(Short web captions)

>>>>>

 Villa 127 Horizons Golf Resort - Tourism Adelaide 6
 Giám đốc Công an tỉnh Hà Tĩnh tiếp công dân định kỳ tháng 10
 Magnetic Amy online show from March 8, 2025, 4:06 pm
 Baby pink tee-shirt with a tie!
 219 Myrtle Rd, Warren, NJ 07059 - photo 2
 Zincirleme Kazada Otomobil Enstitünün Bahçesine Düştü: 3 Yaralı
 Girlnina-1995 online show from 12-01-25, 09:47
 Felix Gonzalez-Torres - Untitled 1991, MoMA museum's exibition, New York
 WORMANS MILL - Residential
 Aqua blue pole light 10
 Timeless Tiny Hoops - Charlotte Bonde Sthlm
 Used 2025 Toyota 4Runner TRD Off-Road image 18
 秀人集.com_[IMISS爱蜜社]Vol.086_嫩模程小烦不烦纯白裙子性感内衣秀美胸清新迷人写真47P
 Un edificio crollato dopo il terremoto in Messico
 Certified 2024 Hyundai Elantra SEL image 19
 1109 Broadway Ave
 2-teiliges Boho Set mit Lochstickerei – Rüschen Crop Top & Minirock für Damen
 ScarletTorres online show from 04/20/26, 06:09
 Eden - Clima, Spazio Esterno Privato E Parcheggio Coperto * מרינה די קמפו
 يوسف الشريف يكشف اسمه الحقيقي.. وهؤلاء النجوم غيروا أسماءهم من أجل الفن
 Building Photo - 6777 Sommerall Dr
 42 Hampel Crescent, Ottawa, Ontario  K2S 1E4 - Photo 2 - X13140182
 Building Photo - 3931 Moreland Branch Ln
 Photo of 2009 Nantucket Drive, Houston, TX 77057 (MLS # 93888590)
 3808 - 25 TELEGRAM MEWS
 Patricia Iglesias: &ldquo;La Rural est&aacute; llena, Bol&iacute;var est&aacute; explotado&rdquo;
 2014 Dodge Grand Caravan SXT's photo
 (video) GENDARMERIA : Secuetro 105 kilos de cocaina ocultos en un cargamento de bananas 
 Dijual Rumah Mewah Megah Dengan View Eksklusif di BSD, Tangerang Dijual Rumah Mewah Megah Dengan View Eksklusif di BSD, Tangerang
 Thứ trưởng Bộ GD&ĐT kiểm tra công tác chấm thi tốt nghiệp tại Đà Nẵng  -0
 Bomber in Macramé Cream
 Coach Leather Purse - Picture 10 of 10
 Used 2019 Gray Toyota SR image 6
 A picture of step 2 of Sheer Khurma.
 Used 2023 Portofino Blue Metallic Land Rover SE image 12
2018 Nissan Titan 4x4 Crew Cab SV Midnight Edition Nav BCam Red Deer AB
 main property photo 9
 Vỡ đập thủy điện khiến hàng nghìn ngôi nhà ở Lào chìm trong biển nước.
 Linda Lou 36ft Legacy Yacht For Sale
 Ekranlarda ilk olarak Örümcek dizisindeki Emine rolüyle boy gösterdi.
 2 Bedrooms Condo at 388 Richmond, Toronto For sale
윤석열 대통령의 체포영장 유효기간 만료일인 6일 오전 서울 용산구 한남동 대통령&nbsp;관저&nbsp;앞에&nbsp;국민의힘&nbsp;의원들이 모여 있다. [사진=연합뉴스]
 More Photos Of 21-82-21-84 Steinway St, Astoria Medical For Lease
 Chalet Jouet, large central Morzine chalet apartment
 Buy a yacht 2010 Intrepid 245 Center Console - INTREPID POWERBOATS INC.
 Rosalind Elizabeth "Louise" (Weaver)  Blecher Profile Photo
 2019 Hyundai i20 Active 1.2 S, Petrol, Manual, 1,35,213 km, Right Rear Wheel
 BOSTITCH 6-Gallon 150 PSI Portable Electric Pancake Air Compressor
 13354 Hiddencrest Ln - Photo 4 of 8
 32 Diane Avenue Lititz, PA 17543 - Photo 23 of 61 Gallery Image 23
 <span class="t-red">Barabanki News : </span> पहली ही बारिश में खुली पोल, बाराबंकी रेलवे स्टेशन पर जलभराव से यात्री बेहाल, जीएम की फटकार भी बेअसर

<<<<<

Work to be completed => Give back the records above exactly, limited to the lines between the one holding "Coach Leather Purse - Picture 10 of 10" and the one holding "2018 Nissan Titan", inclusive.

Answer to this task =>
 Coach Leather Purse - Picture 10 of 10
 Used 2019 Gray Toyota SR image 6
 A picture of step 2 of Sheer Khurma.
 Used 2023 Portofino Blue Metallic Land Rover SE image 12
2018 Nissan Titan 4x4 Crew Cab SV Midnight Edition Nav BCam Red Deer AB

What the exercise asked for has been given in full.